Will 2017 be the watershed for businesses using augmented reality?
4 min read
22 November 2016
You could be forgiven for thinking that 2016 was the year of virtual reality (VR). However, the last three months have witnessed somewhat of a renaissance when it comes to the augmented reality space.
First came the global Pokemon Go phenomenon; and more recently Apple CEO, Tim Cook’s stamp of approval of the augmented reality technology itself.
Apple’s acquisition of Metaio, which was followed up with the takeover of Faceshift, as well as the augmented reality-centric spec for the iPhone 7 Plus were strong indicators of the company’s leanings, but the question remained around why.
While there may be contributory factors, there is one compelling reason for Cook’s pro- augmented reality stance – VR in its purest form simply does not promote interaction with the world around us.
For Cook and many others, augmented reality represents a positive enhancement of the physical everyday environment, integrating as it does, data and imagery that complements what we already see.
In short, augmented reality allows people to view images that blend into, and sit on top of, the existing physical landscape, whereas VR delivers an entirely immersive, virtual experience, without any interaction with the physical environment.
Many media commentators have tried to draw comparisons between the two, often to the detriment of augmented reality.
This however, is unfair, as it is essentially like comparing apples to oranges. They are fundamentally different both with their individual merits and USPs – and comparisons are clunky at best; essentially inaccurate at worst.
Wearables are the key to unlocking the potential in augmented reality. They will allow information and data to be overlaid onto any given environment and then visualised in an easier-to-use way.
It will be this evolution in the wearable technology space that will allow companies to really start to see tangible benefits of the technology.

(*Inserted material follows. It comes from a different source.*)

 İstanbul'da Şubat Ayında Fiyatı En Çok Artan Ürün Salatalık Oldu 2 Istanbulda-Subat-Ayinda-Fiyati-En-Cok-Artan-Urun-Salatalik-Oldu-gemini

And it is entirely possible that augmented reality applications and (vertical) deployments will experience a real boost in the New Year, buoyed by greater market maturity in the wearables space.
Yet, before the full business potential of augmented reality can be realised, there are a number of challenges which need to be solved. There are three pillars that need to be tackled; performance, wearability and scalability.
To date, products which have reached the market place have failed to successfully combine these three elements, thus adoption (at least at a business level) has so far been limited.
The augmented reality market and the growing real-life applications of the technology are evolving at such a speed that it is almost impossible to predict with any certainty, how it could influence the workplaces of tomorrow, with benefits potentially, as diverse as the possible applications themselves.
Increased staff productivity; improved customer experience; greater awareness of health and safety protocols; increased operational efficiencies; minimal training requirements; greater support for remote workers; and improved staff retention and customer loyalty are all areas that augmented reality could positively impact as the space and its technological offering continues to mature.
Apple’s promotion of augmented reality last month and the global craze of Pokemon Go have certainly bought augmented reality out of the shadow of VR, much as the iCloud did for the general awareness of the cloud computing space.
However, in order for the sector to mature thoroughly and deliver a “new reality” in terms of both professional and personal aspirations, the technology will need to become more scalable, more integrated into wearable technology and, finally, lose the tag of VR’s less interesting sibling.